Support Reactions & Types of Supports
Read a support symbol correctly and you already know how many unknowns it hides.
A bookshelf bracket, a door hinge, and a lamp post set in concrete are all "supports" — but they resist motion in completely different ways. Before you can write a single equilibrium equation, you have to translate what you see into exactly the right number of unknowns.

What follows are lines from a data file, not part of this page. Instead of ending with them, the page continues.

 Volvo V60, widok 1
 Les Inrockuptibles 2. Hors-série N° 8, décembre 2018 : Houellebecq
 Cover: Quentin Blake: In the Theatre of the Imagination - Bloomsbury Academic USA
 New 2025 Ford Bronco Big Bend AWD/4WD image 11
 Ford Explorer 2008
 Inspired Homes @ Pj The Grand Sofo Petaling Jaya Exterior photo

Real hardware, idealized supports
No real support is a perfect mathematical idealization — a "pin" in a textbook diagram might really be a bolted door hinge, a shackle pin on a crane, or a ball-and-socket joint. Engineers deliberately simplify these into a small set of idealized support types, because the simplification barely affects the answer but hugely simplifies the math. The skill is matching what you see to the right idealization.
The three core types
- Roller (1 unknown): free to roll along a surface and free to lift off it, but can't be pulled into the surface. Resists motion only perpendicular to the rolling surface. Real examples: a bridge expansion-joint bearing, a filing-cabinet drawer roller, a book resting on a smooth shelf.

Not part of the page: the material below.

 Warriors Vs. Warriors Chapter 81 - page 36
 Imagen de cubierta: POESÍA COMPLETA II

- Pin / hinge (2 unknowns): resists translation in any direction in the plane, but allows free rotation about the pin. Real examples: a door hinge, a scissor pivot, a crane's boom-foot pin.
- Fixed support (3 unknowns): resists translation in any direction and resists rotation — nothing at that point can move or turn. Real examples: a flagpole set in concrete, a cantilevered balcony built into a wall, a welded steel connection.

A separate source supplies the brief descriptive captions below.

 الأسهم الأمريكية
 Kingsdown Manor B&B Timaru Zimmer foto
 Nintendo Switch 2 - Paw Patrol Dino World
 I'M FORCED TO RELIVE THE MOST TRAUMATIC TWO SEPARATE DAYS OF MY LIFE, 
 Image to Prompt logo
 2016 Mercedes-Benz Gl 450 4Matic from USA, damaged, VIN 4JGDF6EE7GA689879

Count every unknown reaction component across all supports on a structure, then compare that total to 3 (the number of independent 2D equilibrium equations available for a single rigid body):
- Unknowns = 3: statically determinate — solvable with statics alone.
- Unknowns > 3: statically indeterminate — statics alone gives too few equations; Mechanics of Materials tools (later in this course) are needed for the extra equations.
- Unknowns < 3: the structure is under-constrained — it's a mechanism, not a rigid structure, and will move under load rather than stay in equilibrium.
- Count unknowns: pin contributes 2 (Ax, Ay), roller contributes 1 (By).
- Total unknowns = 2 + 1 = 3.
- Compare to the 3 available 2D equilibrium equations: 3 unknowns = 3 equations.
- A single fixed support contributes 3 unknowns (Ax, Ay, and reaction moment M) on its own.
- With no other supports, total unknowns = 3 — this is the classic cantilever beam, and it is statically determinate by itself.
Check your understanding
- Real supports are idealized into a small set of types: roller (1 unknown), pin (2 unknowns), fixed (3 unknowns).
- Total unknowns = (rollers × 1) + (pins × 2) + (fixed × 3) — count this before attempting to solve.
- Unknowns = 3 → determinate; unknowns > 3 → indeterminate; unknowns < 3 → unstable mechanism.